Lama kelamaan semakin banyak prangko yang dapat saya kumpulkan. Untuk menjaga agar tidak rusak maka saya tempatkan prangko koleksi saya di album khusus prangko.
Setelah puluhan tahun saya baru membukanya kembali kemarin. Banyak cerita yang dapat kita petik dari setiap lembar prangko. Bukan saja bagaimana kita mendapatkan prangko-prangko tersebut, tapi juga dari gambar-gambar yang terukir dalam setiap lembar prangko.

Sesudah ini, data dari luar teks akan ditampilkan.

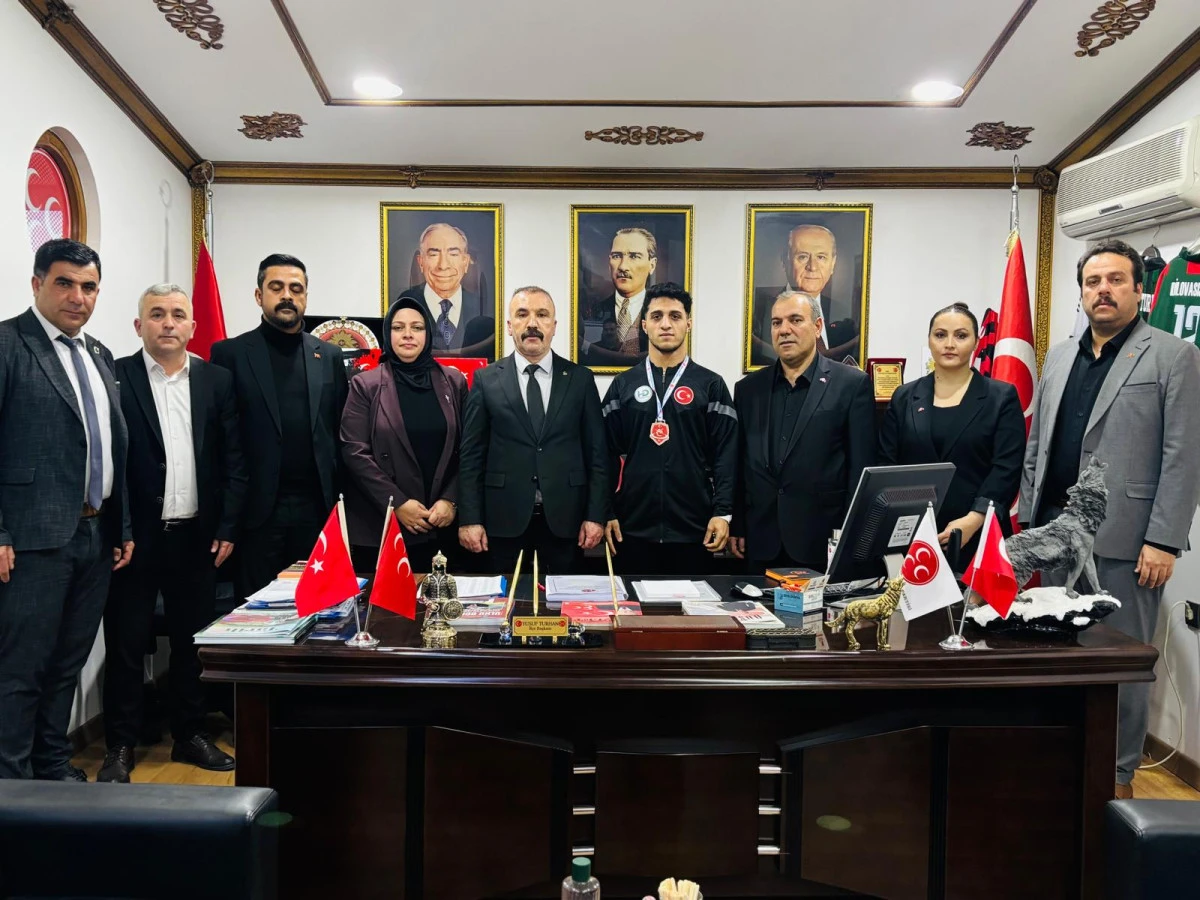 BAŞKAN TURHAN T&Uuml;RKİYE İKİNCİSİ YUNUS BOZ'UN B&Uuml;Y&Uuml;K BAŞARISI'NDAN GURUR DUYDUK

Memang prangko dicetak bukan sekedar untuk keperluan surat-menyurat tetapi kadangkala dimaksudkan untuk menandai suatu peristiwa penting tertentu. Bisa dibilang semacam prasasti.
Prangko yang dicetak secara reguler biasanya kepala negara. Saya sempat mempunyai prangko bergambar presiden Soekarno. Soeharto dan Gus Dur.Â
Presiden-presiden setelahnya saya tidak tahu apakah sudah diabadikan dalam prangko atau belum. Maklum sekarang komunikasi dengan model surat-menyurat sudah ditinggalkan orang.
Dalam prangko di atas kita bisa mendapatkan banyak cerita tentunya. Misalnya tentang harga prangko-prangko tersebut. Prangko bergambar presiden Soekarno harganya Rp.1, 00 (satu rupiah).
Harga prangko bergambar presiden Soeharto yang terbit tahun 1993 adalah Rp.150,00 (seratus lima puluh rupiah). Sementara prangko bergambar presiden K.H Abdurahman Wahid seharga Rp. 1.000, 00 (seribu rupiah).
Khusus prangko Gus Dur ada yang unik. Prangko dicetak tidak seperti biasanya. Ternyata ini juga pernah dilakukan oleh Pos dan Giro ketika menerbitkan prangko seri beragam flora sebagai salah satu kekayaan bangsa Indonesia.
Masih banyak cerita lain tentunya kalau kita mau mengulik cerita dari tiap lembar prangko. Ada lambang daerah untuk tiap-tiap provinsi (waktu itu masih 27), prangko seri pakain adat dan tarian adat dan masih banyak lagi seri-seri prangko yang diterbitkan oleh Pos dan Giro.